(a) Technical Field
The present invention relates to a positive electrode material for a secondary battery. More particularly, it relates to a positive electrode material for a secondary battery and a method for manufacturing the same, in which manganese fluorophosphate containing lithium or sodium can be used as an electrode material.
(b) Background Art
With the proliferation of portable electrical and electronic devices, new secondary batteries such as nickel hydrogen batteries, lithium secondary batteries, etc., have been actively developed. Among them, the lithium secondary battery is a battery, in which carbon such as graphite is used as a negative electrode active material, oxide containing lithium is used as a positive electrode active material, and a non-aqueous solvent is used as an electrolyte solution. Lithium having a high ionization tendency can generate a high voltage and is thus used in the development of batteries with high energy density.
Lithium transition metal oxides are widely used as the positive electrode active material, and more than 90% of layered lithium transition metal oxides such as lithium cobalt oxides, lithium nickel oxides, multi-component metal oxides (e.g., cobalt-nickel-manganese ternary system), etc., are used.
However, in the layered lithium transition metal oxides widely used as the positive electrode active material, oxygen separated from a lattice participates in a reaction under abnormal conditions (such as overcharge and high temperature), thus causing abnormal behaviors such as a fire in the battery. In order to overcome the drawbacks of the layered lithium transition metal oxides, extensive research aimed at developing a positive electrode active material having spinel and olivine structures has been pursued.

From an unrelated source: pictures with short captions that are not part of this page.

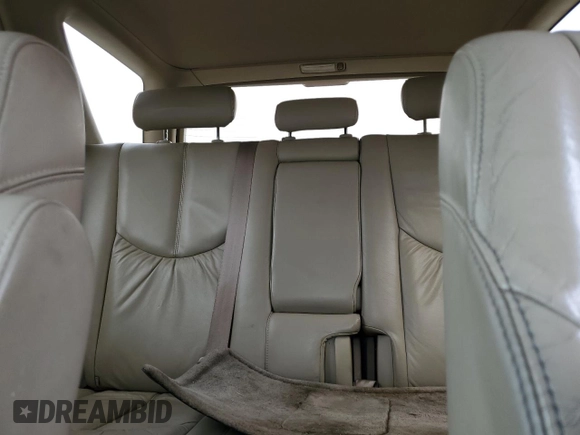 2001 Lexus RX 300 with VIN JTJHF10U810223492, listed as a Copart auction lot 51623115 with 124,459 mi miles and Salvage Title. Bid and sale history available at DreamBid. Image 10.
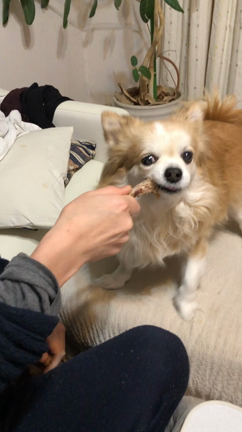 息子抜きのクリスマスの記事動画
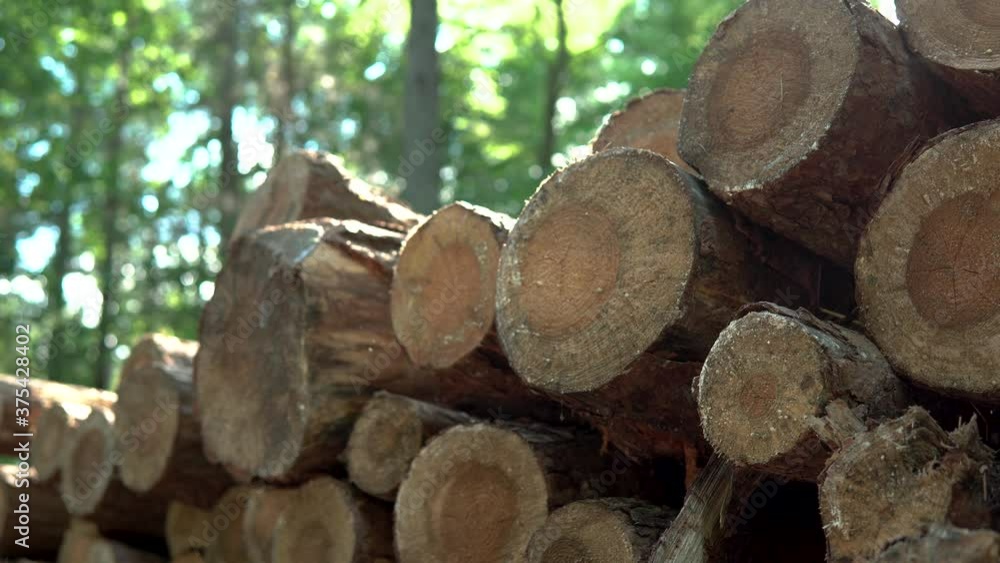 pile of felled tree in the forest by the roadside, insects fly in the sun, static footage pile of felled tree in the forest by the roadside, insects fly in the sun, static footage
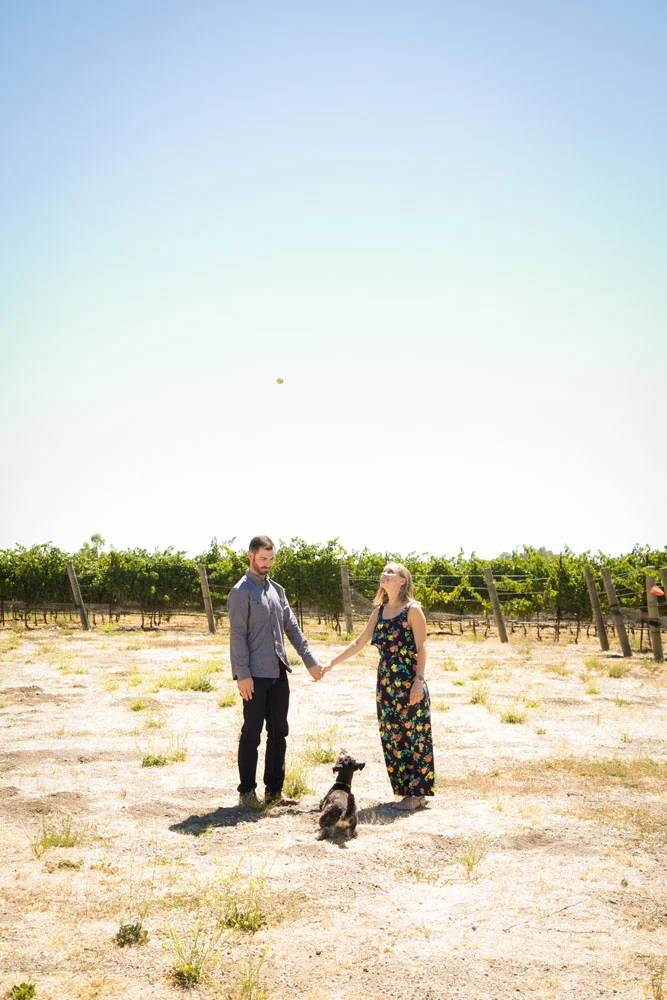 Paso Robles Wedding Photographer J Dusi 047.jpg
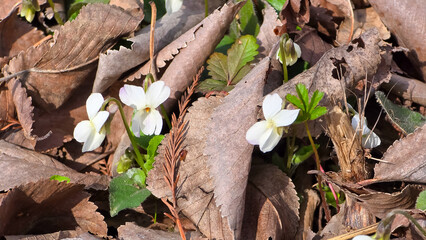 White violets blooming among dry leaves. Spring wildflowers, botanical detail, natural background. (Viola sp., possibly Viola blanda).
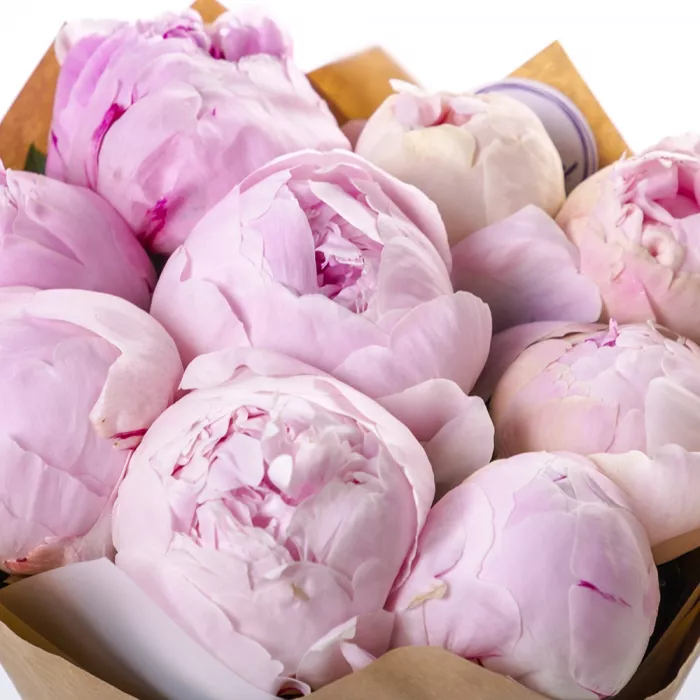 Букет из 9 розовых пионов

As a means for solving the problem of the lithium secondary battery, such as a reduction in the safety due to the deterioration of the positive electrode, the use of spinel-type lithium manganese oxides having a three dimensional pathway for lithium ion transport and polyanion-type lithium metal phosphates having an olivine structure, instead of the layered lithium transition metal oxides, has been proposed. However, the use of the spinel-type lithium manganese oxide is limited due to release of lithium during charge and discharge and due to structural instability by Jahn-Teller distortion.
Among the olivine lithium metal phosphates, the use of lithium iron phosphate and lithium manganese phosphate as the positive electrode material has been limited due to low electrical conductivity, but they can be used as the positive electrode material as this problem has been solved by nanosizing of particles, carbon coating, etc.

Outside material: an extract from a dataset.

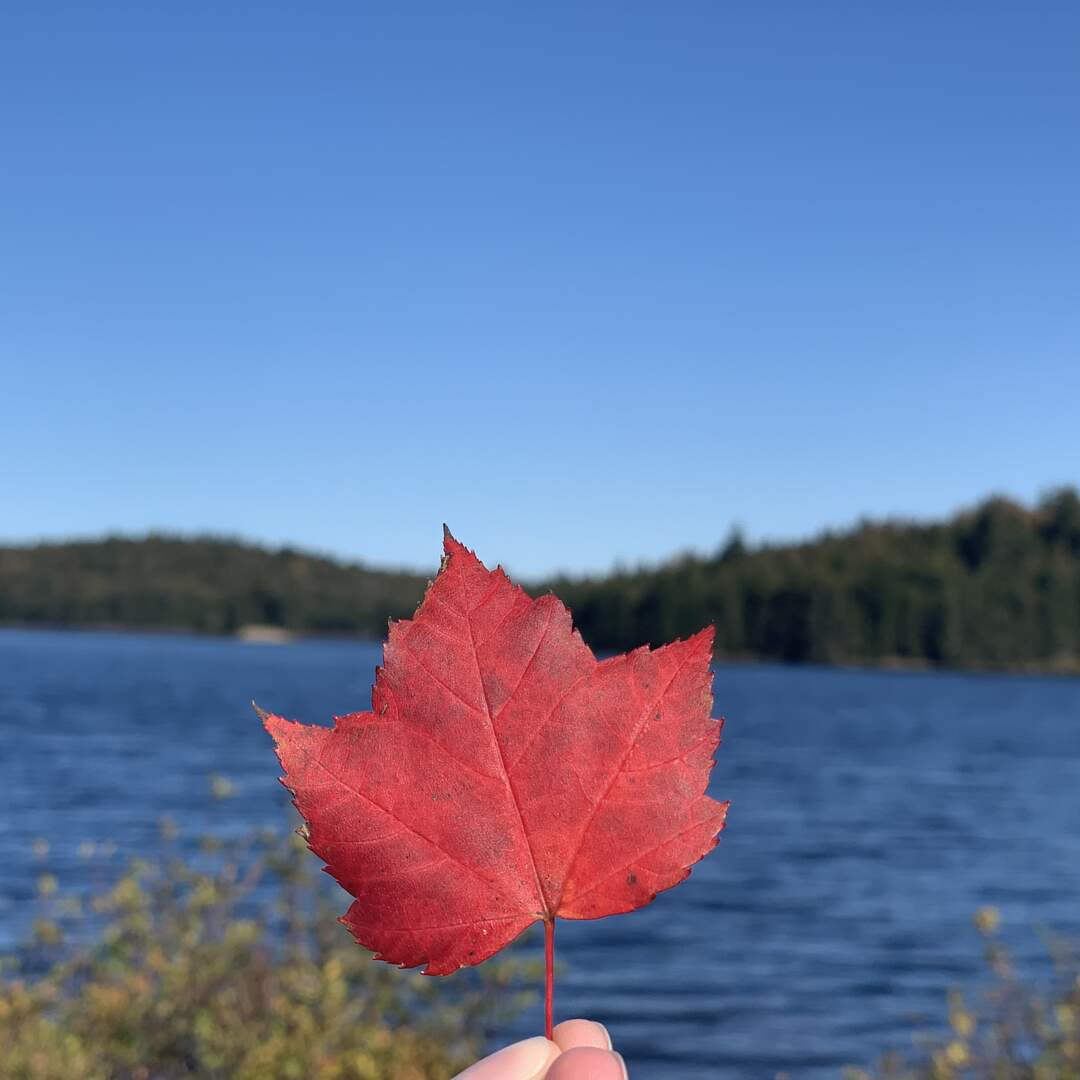Kanada 2022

Recently, fluorophosphates have been reported as the polyanion materials. The fluorophosphate has a chemical formula of A2MPO4F where A is Li or Na and M is a transition metal such as Mn, Fe, Co, Ni, V or a mixture thereof. Since the fluorophosphate theoretically contains two sodium atoms, a theoretical capacity of about two times that of existing lithium metal phosphates is expected.
Moreover, when sodium fluorophosphate (Na2MPO4F, where M is Fe, Co, Ni, V or a mixture thereof) is used as the positive electrode material of the lithium secondary battery, sodium ions are deintercalated during initial charge and lithium ions are intercalated during initial discharge. Then, the intercalation and deintercalation reactions of lithium ions take place during the charge and discharge of the battery. Further, when the sodium fluorophosphate is used as a positive electrode material of a sodium-based battery, the intercalation and deintercalation of sodium ions occurs during the charge and discharge.
U.S. Pat. No. 6,872,492 discloses an example in which sodium fluorophosphates such as NaVPO4F, Na2FePO4F, (Na,Li)2FePO4F, etc., are used as a positive electrode material of a sodium-based battery, but this patent is limited to the sodium battery, not the lithium battery.
Moreover, the structure and the electrochemical properties of sodium iron fluorophosphate (Na2FePO4F) as the positive electrode material for the lithium secondary battery have been disclosed. However, the sodium iron fluorophosphate has a charge/discharge potential of about 3.5 V, which is as low as that of iron-containing olivines. Moreover, the sodium manganese fluorophosphate (Na2MnPO4F) has a potential higher than that of the sodium iron fluorophosphate, but the low electrical conductivity of manganese-containing polyanions leads to electrochemical inactivity.
The above information disclosed in this Background section is only for enhancement of understanding of the background of the invention and therefore it may contain information that does not form the prior art that is already known in this country to a person of ordinary skill in the art.